---- Data

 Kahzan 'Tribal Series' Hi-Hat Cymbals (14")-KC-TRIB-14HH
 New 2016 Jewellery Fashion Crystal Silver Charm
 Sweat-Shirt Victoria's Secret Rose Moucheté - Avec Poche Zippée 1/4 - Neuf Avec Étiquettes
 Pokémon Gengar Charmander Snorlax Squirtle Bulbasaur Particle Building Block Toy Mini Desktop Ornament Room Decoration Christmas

--------
---- Data

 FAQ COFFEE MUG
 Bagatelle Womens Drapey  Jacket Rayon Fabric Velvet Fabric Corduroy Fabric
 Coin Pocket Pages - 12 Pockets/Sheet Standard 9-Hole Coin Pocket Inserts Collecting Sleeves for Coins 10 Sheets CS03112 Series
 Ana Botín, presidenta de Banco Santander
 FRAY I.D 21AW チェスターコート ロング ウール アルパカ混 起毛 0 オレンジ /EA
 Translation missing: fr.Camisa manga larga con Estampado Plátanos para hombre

--------

Wherever the word "Series" appears in the entries above, copy that line.

[Problem solution]
 Kahzan 'Tribal Series' Hi-Hat Cymbals (14")-KC-TRIB-14HH
 Coin Pocket Pages - 12 Pockets/Sheet Standard 9-Hole Coin Pocket Inserts Collecting Sleeves for Coins 10 Sheets CS03112 Series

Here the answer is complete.